Description: A short informative description
Tags: This a tag that is used to help you group and organize a collection of resources/ apps /notebooks /folders together.
Activate Toggle button: This will enable/disable the event.
Event Type: Adobe Feed Watcher / File Feed Watcher
Connection: Select where the files are located from a predefined connection. if it's a new connection, see connections.
Poll Interval: How frequently should the event check for new files, 1 being every minute? We recommend 30–40-minute intervals to start with as too frequent may incur higher costs with your cloud provider. Note There is a cost associated with Events, this is impacted by data volumes in the given connection location.
your view may now differ depending on which Event type you are configuring, now jump to the steps for your event type.
Sharing Options: This depends on your sharing preference.
Adobe Feed Details
File Path: Path to the file in your chosen connection location
Manifest File Pattern: The file name or regex file pattern to be monitored.
Feed Frequency: Daily / Hourly - Depending on your Adobe clickstream feed.
Toggle (Trigger after a complete day) - ON if it's hourly but you want to check after the full day has been delivered.
Event Timeout (Hours): After an event has taken place do you want it to pause the Event? if so for how long? By default, we set it to 0.
Time zone: Depending on where your data is located you may need to use a specific timezone for the event.
Event timeout Behavior: Default is Ignore
Date Parsing
Date Pattern: The date pattern for your file may be something like this yyyyMMdd or yyyyMMddHH. This depends on whether the file being monitored is daily or hourly. Please confirm by checking the naming convention of your file to determine this.

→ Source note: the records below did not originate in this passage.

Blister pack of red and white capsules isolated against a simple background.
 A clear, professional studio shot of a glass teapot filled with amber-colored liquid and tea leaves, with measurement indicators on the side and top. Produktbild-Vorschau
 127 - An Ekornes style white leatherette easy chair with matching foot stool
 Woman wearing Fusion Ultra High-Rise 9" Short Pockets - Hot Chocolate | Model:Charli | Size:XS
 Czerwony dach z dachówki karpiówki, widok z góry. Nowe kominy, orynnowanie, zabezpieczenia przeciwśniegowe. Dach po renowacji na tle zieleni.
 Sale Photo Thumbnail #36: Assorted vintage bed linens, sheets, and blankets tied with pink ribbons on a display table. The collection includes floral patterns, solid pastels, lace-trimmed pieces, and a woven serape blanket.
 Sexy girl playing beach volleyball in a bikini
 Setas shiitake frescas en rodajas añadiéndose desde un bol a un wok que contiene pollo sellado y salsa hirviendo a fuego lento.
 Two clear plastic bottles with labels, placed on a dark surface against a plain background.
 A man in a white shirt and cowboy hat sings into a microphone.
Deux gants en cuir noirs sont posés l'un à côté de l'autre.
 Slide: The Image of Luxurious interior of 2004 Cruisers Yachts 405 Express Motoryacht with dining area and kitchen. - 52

Button Extraction Type Index / Regex - This is used to identify the date portion of the file and to help determine if a new file has been delivered or not.
Start Index: This is the first position of the date portion in the file name.
End Index: This is the end position of the date portion in the file name.
Regex Pattern:
Group Number
For Regex:
Regex Pattern: The pattern may look something like this for daily.*.sample-file_(.*).*.tsv.gz for hourly it may look something like .*.sample-file_(\d{8})-(\d{2}).tsv.gz. Please replace sample-file with your actual filename
Group number: The results you want to extract are in group 1 if the sample regex from above is used.
Hour Group Number: Only applicable for hourly files. In this instance, it is 2.
File Watcher:
File Details:
File Path: Path to the file in your chosen connection location
File Pattern: The file name or regex file pattern to be monitored.